For six months Hearst’s Chicago Herald-American had dawdled along in a well-worn rut. Next to Bertie McCormick’s Tribune, it had the biggest circulation in town and was holding it. But the Herald’s news coverage had gone dull after the whoopdedoo of the Heirens murder case. Sex crimes got big headlines now & again, but the news lacked the red-and-saffron splashes of rich detail that had won the Herald its readers.

The lapse did not escape the eye of William Randolph Hearst, who seldom waits for a paper to get into trouble before jacking it up. A fortnight ago, in the wake of the merger of the tabloid Chicago Times with Marshall Field’s Sun (TIME, Aug. 4), a shakeup hit the Herald’s top brass. Chicago-trained, cigar-chomping George Ashley De Witt came on from Washington as executive editor—the job once held by loud Lou Ruppel, who got in bad with the Chief by branding Chicago “Dirty Shirt Town.” Drawling Lou Shainmark came back from the Washington bureau to his old job as managing editor. A squad of other executives was reshuffled.

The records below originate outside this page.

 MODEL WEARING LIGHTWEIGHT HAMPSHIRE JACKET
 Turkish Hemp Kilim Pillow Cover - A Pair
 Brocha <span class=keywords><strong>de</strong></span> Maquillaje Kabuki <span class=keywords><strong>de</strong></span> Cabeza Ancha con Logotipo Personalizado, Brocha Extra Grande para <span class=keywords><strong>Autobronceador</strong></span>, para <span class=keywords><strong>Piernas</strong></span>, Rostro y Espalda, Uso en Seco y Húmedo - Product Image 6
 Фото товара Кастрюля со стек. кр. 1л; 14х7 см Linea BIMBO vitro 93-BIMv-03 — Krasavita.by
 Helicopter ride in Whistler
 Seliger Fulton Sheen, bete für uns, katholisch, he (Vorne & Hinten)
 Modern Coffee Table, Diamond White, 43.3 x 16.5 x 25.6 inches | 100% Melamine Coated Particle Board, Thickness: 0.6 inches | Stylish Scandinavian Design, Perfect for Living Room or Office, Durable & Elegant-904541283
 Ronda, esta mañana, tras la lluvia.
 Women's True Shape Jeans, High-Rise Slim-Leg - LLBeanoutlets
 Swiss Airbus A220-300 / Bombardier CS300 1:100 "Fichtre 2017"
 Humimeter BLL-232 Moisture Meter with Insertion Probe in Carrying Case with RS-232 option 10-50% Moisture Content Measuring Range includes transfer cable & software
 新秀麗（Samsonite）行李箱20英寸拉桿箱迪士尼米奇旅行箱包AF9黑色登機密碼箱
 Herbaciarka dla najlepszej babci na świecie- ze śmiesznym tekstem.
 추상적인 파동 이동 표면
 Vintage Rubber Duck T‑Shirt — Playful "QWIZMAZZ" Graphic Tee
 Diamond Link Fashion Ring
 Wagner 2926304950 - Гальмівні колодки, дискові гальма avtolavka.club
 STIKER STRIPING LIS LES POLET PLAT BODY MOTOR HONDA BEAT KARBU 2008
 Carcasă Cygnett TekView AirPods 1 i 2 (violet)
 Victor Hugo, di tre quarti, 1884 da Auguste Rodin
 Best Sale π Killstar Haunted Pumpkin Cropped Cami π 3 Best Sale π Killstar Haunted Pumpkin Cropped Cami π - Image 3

To mastermind the change of command, an old soldier of fortune who had fought through Chicago’s rowdiest journalistic wars slipped into town. Ruddy, trumpet-voiced Walter Howey, prototype of the managing editor in The Front Page, had temporarily dropped his regular chores (supervising Hearst’s two Boston tabloids with one hand and the American Weekly with the other) to help raise the steam pressure in the Herald-American’s boilers.

Howey would say not a word about what was afoot at the Herald. “Just watch the paper, that’s all,” said Shainmark. Last week it was worth watching once more; the front page looked like the result of an explosion in a type foundry.

SUPPORT OUR MAYOR KEN.NELLY! cried an eight-column 120-point red banner —line (the kind dear to Hearst’s heart).

CAPONE MOB COMING BACK, shouted the black streamer below it. The kind of newsbreak that Howey & Co. knew how to play to the limit had come along at just the right time. Four former henchmen of Al Capone had been paroled from prison, and the Herald was sure that they —and maybe even gunplay—were due in Chicago any minute. Across the page from that story, the Herald told all about “two good policemen who are on trial for trying to solve [a] murder.” This kind of news, said a front-page editorial, was run “to help Mayor Kennelly prevent the return of gangster rule in this city.” Capone’s mob might or might not be coming back, but there was no doubt that an able mob of Hearstlings had moved in on the Her old-American.